MAJOR GENERAL RICHARD LUCAS MULLENS
MAJOR GENERAL RICHARD LUCAS MULLENS CB CdG(Bel) CdG(Fr)
25 February 1871 - 26 May 1952
The Oaks, School Road, c.1907-1935
By 1907 the small Langham Oaks estate had been bought by Major Richard Lucas Mullens, Adjutant of 2nd Dragoon Guards (then stationed at Colchester). Mullens had been born in Teddington, Middlesex, the son of Mr & Mrs John Mullens of Battle, Sussex, and was married to Leonore, née de Wette. They had four children, two of whom were baptised in Langham, in 1907 and 1908 respectively.
After Eton and Sandhurst, Mullens was commissioned in 1890 as Cornet in the 16th Lancers. He transferred to the 2nd Dragoon Guards, seeing action in the Second Boer War (1899-1902) on Special Service as the regiment’s Adjutant. He was severely wounded and twice Mentioned in Despatches. By the outbreak of the Great War, Mullens had been promoted to Lieutenant Colonel commanding 4th (Royal Irish) Dragoon Guards. He took his regiment to France with the British Expeditionary Force (BEF) in August 1914; outside Mons, it was the very first unit of the BEF to exchange fire with the invading German forces.
Mullens was soon promoted to command 2nd Cavalry Brigade and in May 1915 was badly ‘gassed’ but in October of that year was appointed Major General Commanding 1st Cavalry Division, remaining its highly-regarded GOC for the rest of the war. He was Mentioned in Despatches a further seven times and appointed
Companion of the Bath (CB) in 1917. After the Armistice, his 1st Cavalry Division was given the honour of leading the British Army into the Rhineland on 1st December 1918. He returned with the division to England in April 1919 and retired from the army in 1920.
By the time Mullens returned a considerable acreage had been added to The Oaks estate. Somehow, despite his continuous service on the Western Front, the estate had expanded to include:
- most of the land north of School Road as far as the ridge on the further side
of Black Brook (Godfreys and Nightingale Farm)
- farms south of School Road, including Park Lane Farm.
The house had been enlarged earlier by the addition of a north wing, the main entrance being moved to the junction of the two structures. In the same period, a large garden room was added.
For unknown reasons, Mullens put a large part of the estate up for sale even before he had retired from the army but only part was actually sold. On retirement, he became a notable breeder of Shorthorn cattle and Suffolk Punch horses. He was appointed a Justice of the Peace and was invited by the Langham Parish Council to be its chairman, a position he held for 15 years until he left Langham.
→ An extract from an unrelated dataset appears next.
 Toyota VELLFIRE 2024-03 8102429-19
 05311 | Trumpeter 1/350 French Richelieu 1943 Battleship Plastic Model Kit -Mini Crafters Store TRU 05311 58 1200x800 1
During his very active chairmanship, Mullens played a leading part in the erection of the War Memorial Gateway to the Primary School, of which he was also a manager (governor). He was also influential in having the Village Hall built in 1932 at the corner of Perry Lane and Wick Road.
The Mullens left Langham in December 1935 and to live at Devizes, Wiltshire, where Mullens died on 26 th May 1952. His medals were sold by Spink in November 2006 for £4,000.